KOMİSYON KONUŞMASI

SAMİ ÇAKIR (Kocaeli) - Sayın Başkan, Sayın Bakanım, Komisyonumuzun değerli üyeleri, bürokrasimizin sivil ve askerî değerli temsilcileri, kıymetli basın; sizleri saygıyla selamlıyorum.

Millî Savunma Bakanlığı 2019 yılı bütçesi ve 2017 yılı kesin hesapları üzerinde bugün Komisyonumuzda gerçekleştireceğimiz görüşmelerin hayırlı olmasını temenni ediyorum.

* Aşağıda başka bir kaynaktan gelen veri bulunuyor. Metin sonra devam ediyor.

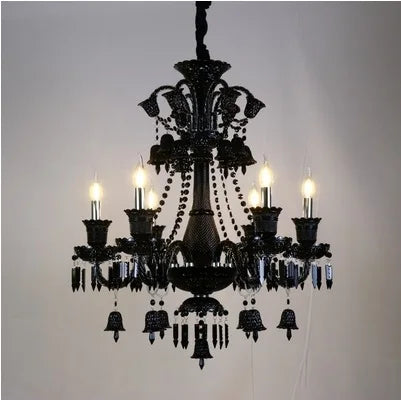 Black Candle Crystal Chandelier for Living Room and Restaurant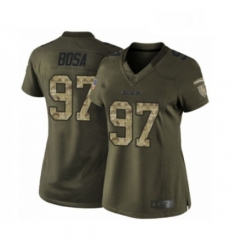 Womens Los Angeles Chargers 97 Joey Bosa Elite Green Salute to Service Football Jersey
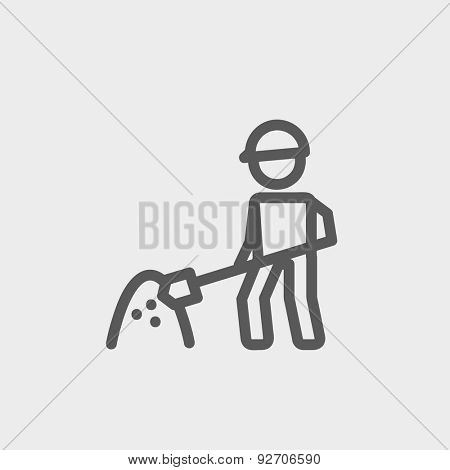 Worker with hard hat and shovel in building site icon thin line for web and mobile, modern minimalistic flat design. Vector dark grey icon on light grey background.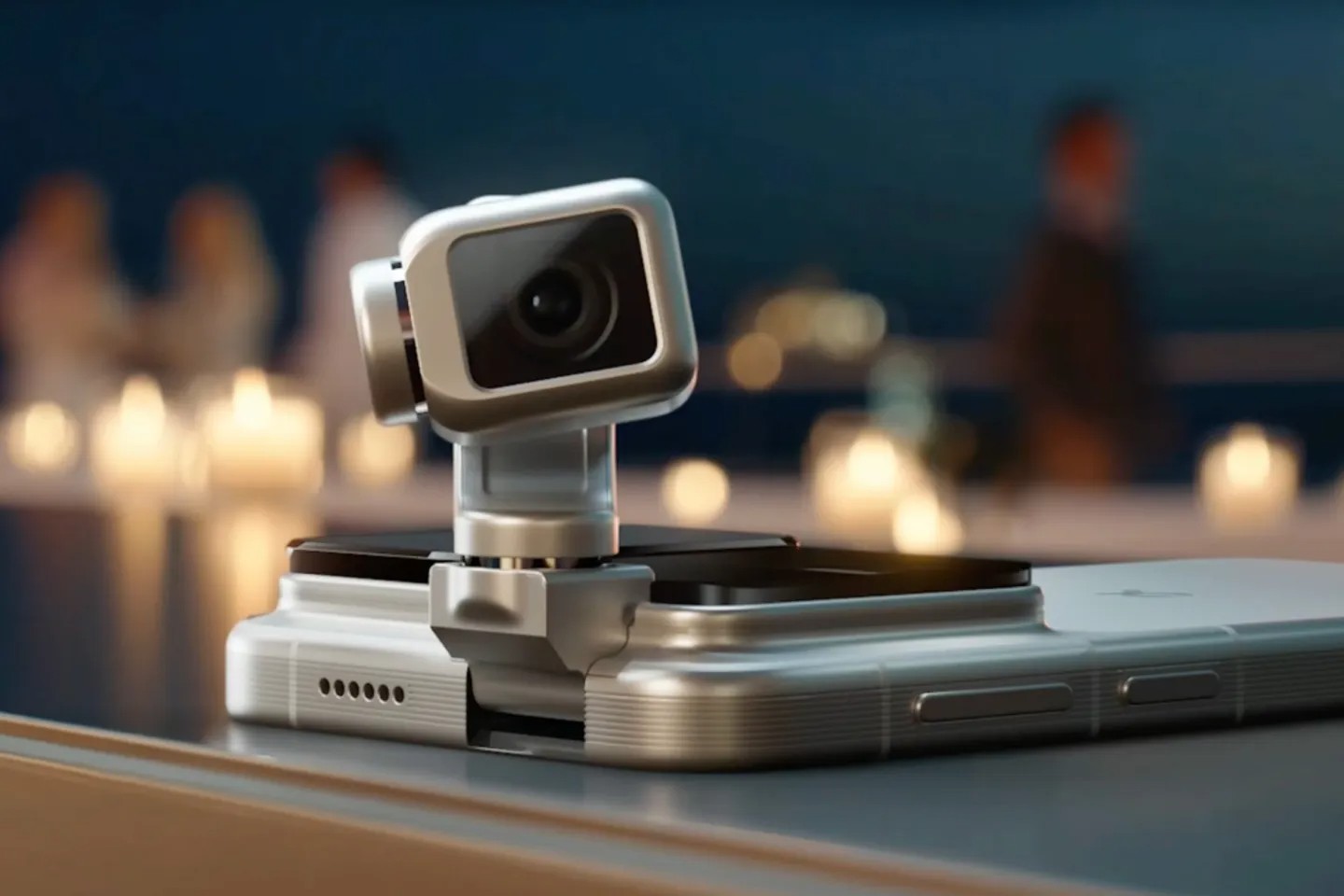 A close-up side view shows a futuristic smartphone resting on a surface with its mechanical, swiveling camera head extended and tilted upward.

Öncelikle, "millî" ifadesiyle başlayan unvana sahip iki bakanlıktan biri olan Millî Savunma Bakanlığının "Türkiye Cumhuriyeti'nin bekasını ve güvenliğini sağlamak üzere millî savunma stratejisi doğrultusunda millî niteliğini koruyarak hızlı gelişen bilgi ve teknoloji çağına uyum sağlayan, güvenlik ortamında meydana gelen değişimlere bağlı olarak ortaya çıkan ve coğrafi sınırlara bağlı olmayan belirsizlik, risk ve tehditlerle mücadele edebilecek niteliklere haiz proaktif bir kurum olarak karşılamaktır." misyonu çerçevesinde dünden bugüne, bugünden yarına ve bu misyon doğrultusunda neler yaptığının konuşulması kadar, neler yapması gerektiğinin de konuşulması doğal karşılanacaktır, karşılanmalıdır.

Çağımız anlaşılması her geçen gün daha karmaşık bir hâle gelen, gücün ve silahın hegemonyasının ülkeler ve insanlar üzerinde kobay testine tabi tutulur bir süreçten geçmektedir. Emperyalist bir hırsın, bir kafa yapısının dünyayı çepeçevre kuşatma altına alma gayretini şaşkınlıkla gözlemlemeye devam ediyoruz. Müstekbir ve mağrur kafa yapılarının silahı ve parayı elinde bulunduran ülkelerdeki iktidarlarının tüm dünyayı ateşe verebilecek adımları atmada hiç çekinmediklerini görmekten kahroluyoruz. Ayakta durabilmek için güçlü olmak zorundasınız. Bölgemizde haritaların yeniden çizilmesine yönelik düşündüren endişeler, artık hangi gün ve saatte olacağı konuşulur hâle geldiyse insan kanı ve canı için hiçbir şeyi söyleyemez, sanki lal olmuşsunuzdur. Yarın karşılaşacağımız, dün ve bugün karşılaştığımız güvenlik sorunlarını iyi analiz etmezsek ülkemiz ve ülkemizin çevresindeki yani bizim coğrafyada şekillenen ve şekillenecek savaş tamtamlarının sadece kulak zarını patlatmakla kalmayacağı gerçeğidir. Yüzyıl önce bu bölgenin geçtiği ateş çemberi yeniden yakılmaya çalışılıyor ise bugün Bakanlığın burada söyleyeceği veya söylediği tüm kelimelerin sadece bir bütçe yorumlaması değerlendirmesi olamaz, olmamalıdır.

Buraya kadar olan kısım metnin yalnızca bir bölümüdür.